Toyota Motor Corp <7203.T> cut its profit forecast for this business year by more than half on Friday as it continues to suffer from a stronger yen and widespread output disruptions due to Thailand's floods.
Toyota is poised for a record year in production next year, as it rebuilds inventories and puts behind it the natural disasters in Japan and Thailand that hobbled operations and likely knocked it from the top spot into third place at best among global automakers.
But the yen's strength will remain a severe worry.
Toyota is hitting a trough, said Cho Soo-Hong, auto analyst at Woori Investment & Securities in Seoul. Its market share will recover next year with the output normalization and new model launches, but I don't expect too much from Toyota's earnings as the yen is expected to remain strong because of appetite for safe-haven assets.
Japan's top automaker said it expects an operating profit of 200 billion yen ($2.6 billion) in the year to March 31, 2012, down 57 percent from last year and well below a consensus forecast of 419 billion yen in a survey of 23 analysts by Thomson Reuters I/B/E/S.
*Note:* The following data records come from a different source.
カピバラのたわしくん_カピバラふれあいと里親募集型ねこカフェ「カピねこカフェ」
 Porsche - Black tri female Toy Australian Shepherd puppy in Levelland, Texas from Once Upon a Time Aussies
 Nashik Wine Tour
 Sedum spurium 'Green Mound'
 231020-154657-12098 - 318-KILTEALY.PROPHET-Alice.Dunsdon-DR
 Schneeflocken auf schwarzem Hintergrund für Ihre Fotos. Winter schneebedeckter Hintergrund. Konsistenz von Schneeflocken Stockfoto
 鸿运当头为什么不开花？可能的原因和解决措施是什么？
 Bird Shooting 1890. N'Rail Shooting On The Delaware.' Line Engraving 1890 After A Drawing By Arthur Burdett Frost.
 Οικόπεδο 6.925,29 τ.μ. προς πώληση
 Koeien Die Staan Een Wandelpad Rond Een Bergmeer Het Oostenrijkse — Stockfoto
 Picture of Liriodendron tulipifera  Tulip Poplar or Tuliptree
The company's previous forecast of 450 billion yen, issued in August, was withdrawn last month after Thailand's worst floods in 50 years cut off the supply of parts to factories in 10 countries. The Thai floods are expected to cause a net shortfall of 230,000 vehicles this business year, the company said.
With waters having receded and recovery work under way at Thailand's industrial parks, Toyota has said its production has returned to normal in most regions, leaving just Thailand and South Africa operating at reduced rates.
The company said on Friday that Thai production was expected to return to normal this month.
The Thai disaster and Japan's earthquake and tsunami in March have hit Japanese automakers particularly hard. Unable to meet demand, Toyota is set to lose its crown as the world's top seller of automobiles to General Motors Co
The company said the Thai floods accounted for 120 billion yen of the downward revision to operating profit, while the yen's strength, which hurts the competitiveness of exports and reduces the value of overseas profits when repatriated to Japan, cut another 190 billion. These were offset by 60 billion yen in profit-boosting measures.
Once the supply issues disappear, Toyota will ramp up production to rebuild depleted inventories, likely making 2012 a record year. Its new models, including the Camry sedan, are set to pose tough competition for rival Hyundai Motor Co <005380.KS> next year, analysts said.
But Japanese automakers still have to contend with the yen's persistent strength, which they say is a far bigger problem than the supply chain disruptions. Toyota has said it needs the dollar to rise to at least 85 yen, far from 77-78 yen currently.
(The revision) is partly because Toyota's exposure to currency swings is big, but I think this revision also brought to light the severity of the crisis Japan is in, because the country is founded on its export strength, Toyota's chief financial officer, Satoshi Ozawa, told a news conference.
The automaker projected a net profit of 180 billion yen for the current financial year, down 56 percent from last year and a sharp cut from its previous forecast of 390 billion yen.
Toyota's announcement leaves just Honda Motor Co <7267.T> without annual guidance among Japanese automakers. Honda has been hit the hardest by both disasters, with the only car factory underwater in Thailand and taking the longest to recover from the March 11 disasters.
Honda's chief financial officer has said he expects to provide annual forecasts around the time it reports third-quarter results, usually due in late January.
Toyota's shares have fallen 18 percent in the year to date, in line with Tokyo's main Topix index <.TOPX>. Honda has lost 24 percent.